Friday, September 19, 2014

Tourism Day Eleven: Victoria (Not the Queen)

Thursday, 4 June, 2014. We arrived mid-morning at Victoria Harbor, in British Columbia. I'd been here a couple of times before, with The Bat, back when we lived in Bremerton, WA, but this was my first time without Mommy holding my hand.

And, it was not going as I'd originally planned.

The ticket I'd held in my hand was only for a bus ride around the city. There was no formal tea or garden tour waiting for me. My gang had booked a Hippo tour, which, initially, appealed to me, but, because my knees were already giving me more pain than I'd felt in a few years, the pain killers I took were giving me gastrointestinal distress of an extremely unattractive nature, and didn't want to inflict myself on anybody I liked. I was withdrawing from polite society.

Putting on my game face, I went up to the Windjammer (the ninth-deck buffet hall where we'd consistently broken fast during this cruise), encountered the gang outside having a puff-puff and shooting the breeze with other smoking passengers, and grudgingly gave them a few minutes of my morning before heading in to load up on what energy I could, for the day ahead.

(As always, click on any picture to embiggen it.)

Looking out, from Deck Ten, at the entry to Victoria Harbor
Our ship moored at a pier just shy of the inner harbor of Victoria, where, once upon a time, the big car ferries used to unload on a regular basis. The Bat and I had come up by high-speed foot ferry, back in the day, via the Victoria Clipper from Anacortes, IIRC, but we had then debarked our small ferries right down in front of the Parliament building, among other landmarks, and had walked to the Royal BC Museum, had ridden the double-decker bus to the Butchart Gardens, and had, in general, roamed the not-so-commercially-driven tourist sites, nearly two decades ago. I was going to retrace only a very few of those steps, on this day.

Pretty much just the bus ride. Up to a point. It wasn't the big loop, out to the Butchart Gardens and other distant posh quarters, but only around the city proper (I didn't have the opportunity to get any good pictures of the business district, though. There was traffic).
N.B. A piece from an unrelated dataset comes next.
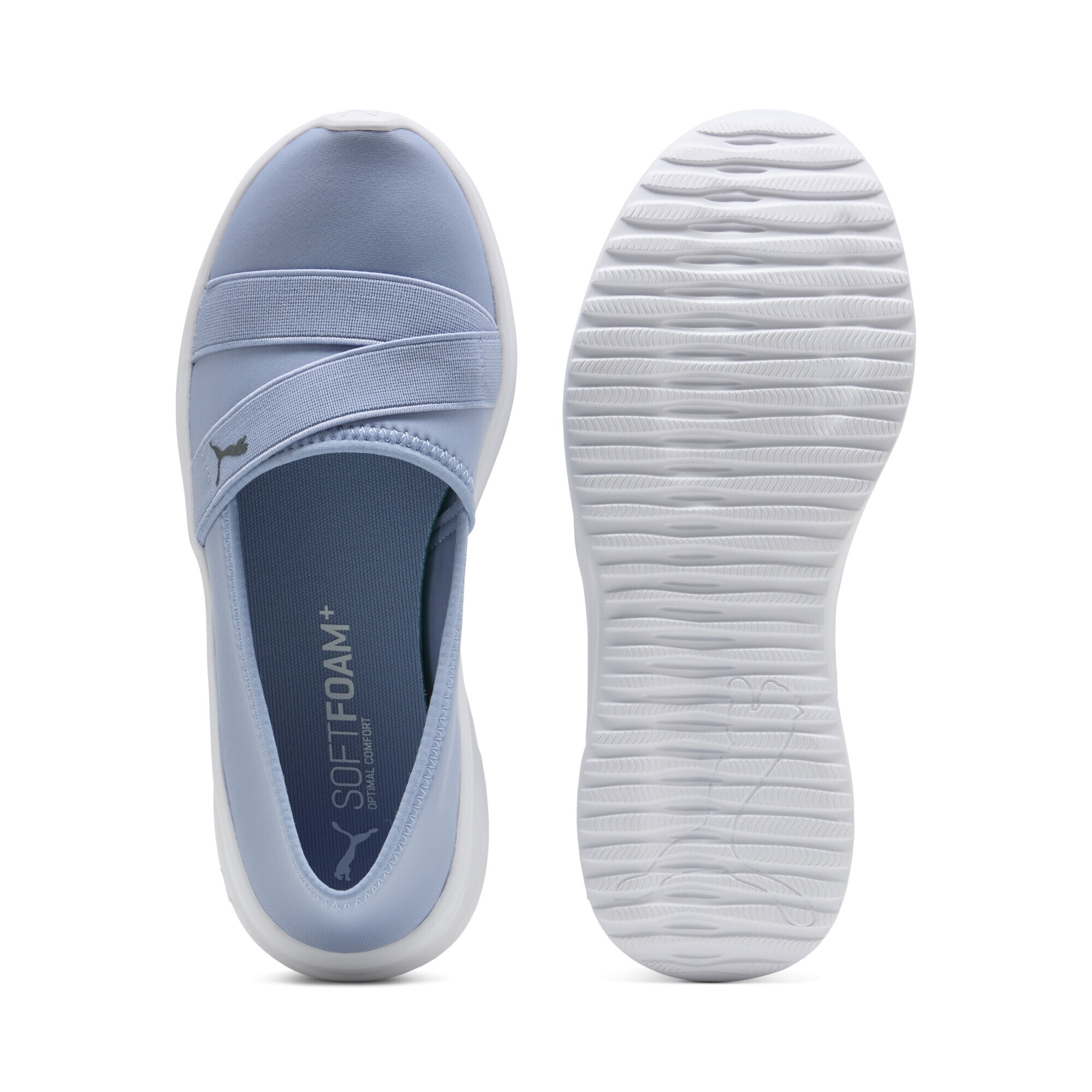 PUMA Ballerina »Adelina 2 Sneakers Damen«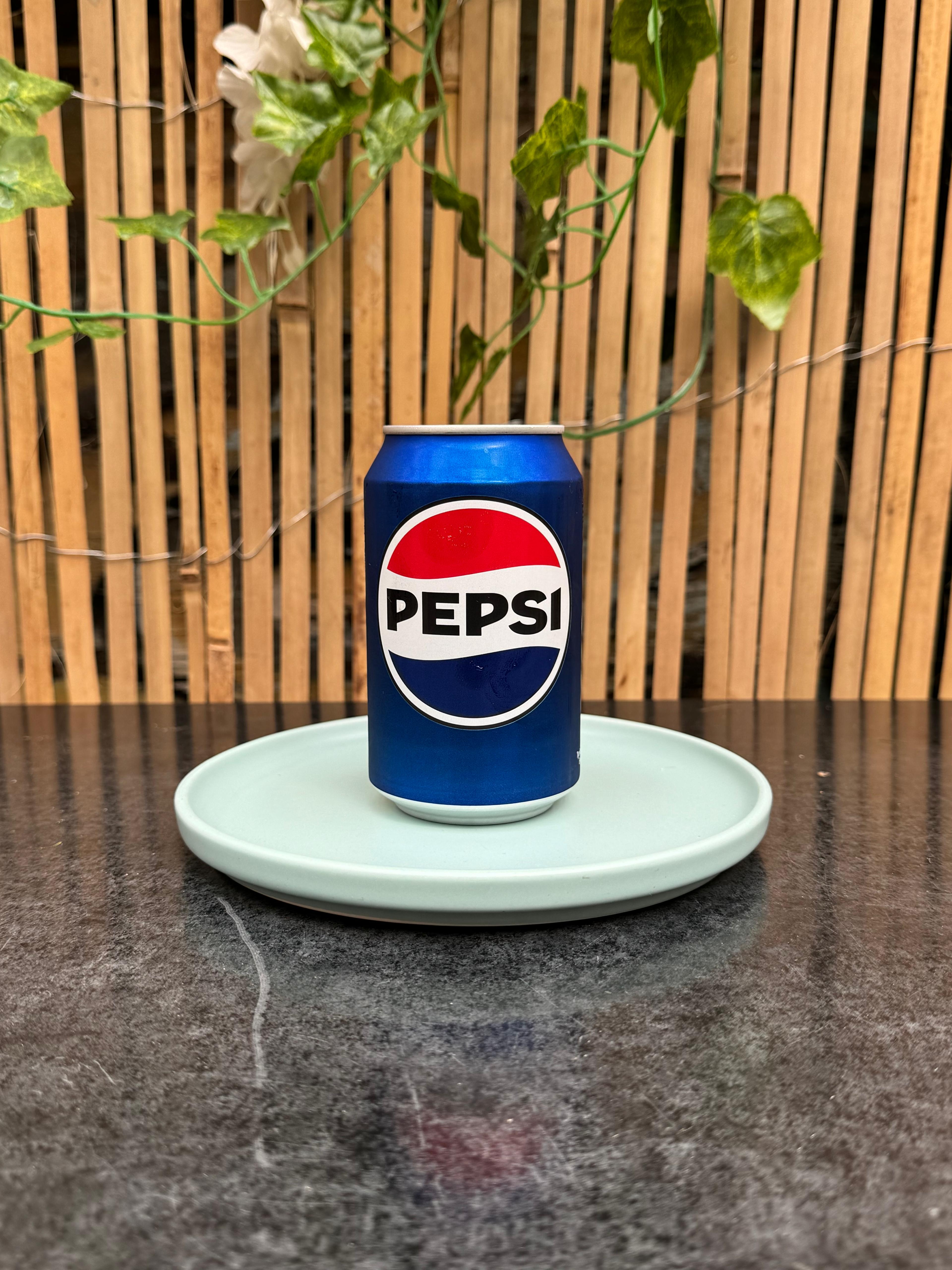 Pepsi Cola Can, 330ml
The ship, pier, and a duty-free gift shop








Strait of San Juan de Fuca
Yep. Wanda Fuca again.

Victoria's zoo (the petting zoo section)
with saucy peacock

Public parks

Yep. More public parks

And the the inner harbor. 
Public art. 


And not embarrassing public art, either






O! my tormentor, the Empress! (Hotel, that is).


Standing in clear view of the inner harbor,
wishing I'd dressed for tea at the Empress (right), after all

After strolling the quay, I made my way into the nearby business district (cough cough tourist trap) a bit, trying several times to turn around to get a good snapshot of the legislative building, or a better one of the Empress Hotel, or even one of the other local landmarks on my half-mile trek, but the sidewalks and streets were quite crowded on this balmy midday, so, mostly I did some window-shopping (except for my having twice –twice! – gone into shops to buy postcards and gifts for family back home).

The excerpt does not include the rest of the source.